# so just how hot can a fursuit get?



## CaliffToten (Feb 3, 2014)

Hello fellow furs and canines i have a big question i want answered, I'm looking to buy a fursuit, soon and i want to know just how hot can they get? I've seen a lot of fursuit tips and the main ones i see alot are to take off you head in the bathroom or lounge to cool off or drink a lot of water. Being me and where i grew up heat doesn't phase me like weather heat but do fursuits get so hot that its dangerous to stay in them? My past experience with heat i wear a jacket every summer in 110 degree weather also once when i went to death valley in 120 or so degree weather i wore a snow jaket and messed with my phone. So the question remains is the heat really that bad or do you think someone with "heat" experience like me could handle it?


----------



## Duality Jack (Feb 3, 2014)

Temperature wise: Quite easily to levels that can be health threatening easily Fake fur is like winterwear.

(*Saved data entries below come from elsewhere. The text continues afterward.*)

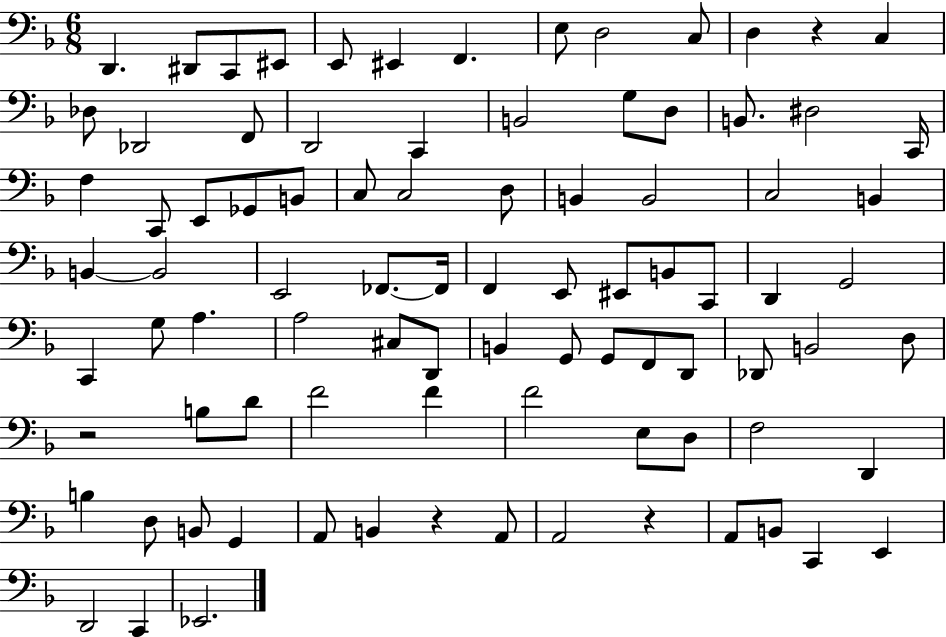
X:1
T:Untitled
M:6/8
L:1/4
K:F
D,, ^D,,/2 C,,/2 ^E,,/2 E,,/2 ^E,, F,, E,/2 D,2 C,/2 D, z C, _D,/2 _D,,2 F,,/2 D,,2 C,, B,,2 G,/2 D,/2 B,,/2 ^D,2 C,,/4 F, C,,/2 E,,/2 _G,,/2 B,,/2 C,/2 C,2 D,/2 B,, B,,2 C,2 B,, B,, B,,2 E,,2 _F,,/2 _F,,/4 F,, E,,/2 ^E,,/2 B,,/2 C,,/2 D,, G,,2 C,, G,/2 A, A,2 ^C,/2 D,,/2 B,, G,,/2 G,,/2 F,,/2 D,,/2 _D,,/2 B,,2 D,/2 z2 B,/2 D/2 F2 F F2 E,/2 D,/2 F,2 D,, B, D,/2 B,,/2 G,, A,,/2 B,, z A,,/2 A,,2 z A,,/2 B,,/2 C,, E,, D,,2 C,, _E,,2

Sexual "hotness": Your milage may vary. I'd go with "none"


----------



## Connor J. Coyote (Feb 3, 2014)

It can get REALLY hot.. ventilate yourself properly - and take the head off on occasion.


----------



## Batty Krueger (Feb 3, 2014)

As hot as you want it to be,  baby.


----------



## Pantheros (Feb 3, 2014)

pass out/heat stroke hot if you don't stay hydrated and take breaks


----------



## CaliffToten (Feb 3, 2014)

Do you know like a tempeture like in the hundreds or ninedes?


----------



## Tica (Feb 3, 2014)

if you really wore a winter-style coat in death valley 120 degree F heat, for any appreciable length of time, you're an idiot.


----------



## Chad (Feb 3, 2014)

Temperature inside a fursuit is really going to vary, based on many things like the construction of the suit, the ambient temperature where you are, and how active you get within the suit.  Also depends on how _long_ you are in the suit. Fursuiters over time build up a tolerance to higher levels of heat whilst suiting.


----------



## Nataku (Feb 3, 2014)

I actually plan to do some more scientific investigation of this question soon. I have two (because even though they are both calibrated, it never hurts to compare numbers) infrared temperature guns which I can use to get readings of temps inside various parts of fursuits. The next local furmeet should net me the first couple of results, as several local furs have agreed to wear their suits and be 'measured'. Once I have begun gathering this information, I plan to make a thread here with my findings so we can start compiling an actual database with solid numbers to work off of.


----------



## Jashwa (Feb 3, 2014)

Why do you wear jackets in that heat? That sounds sweaty and gross.


----------



## Troj (Feb 3, 2014)

I tend to experience my fursuit as "uncomfortably warm" at temperatures above 40 degrees, particularly if there's no crosswind. Especially with physical activity, the inside of a fursuit can get to over 100 degrees within a few minutes_, and _any ventilation problems or limitations will become readily apparent as you begin to breathe more heavily.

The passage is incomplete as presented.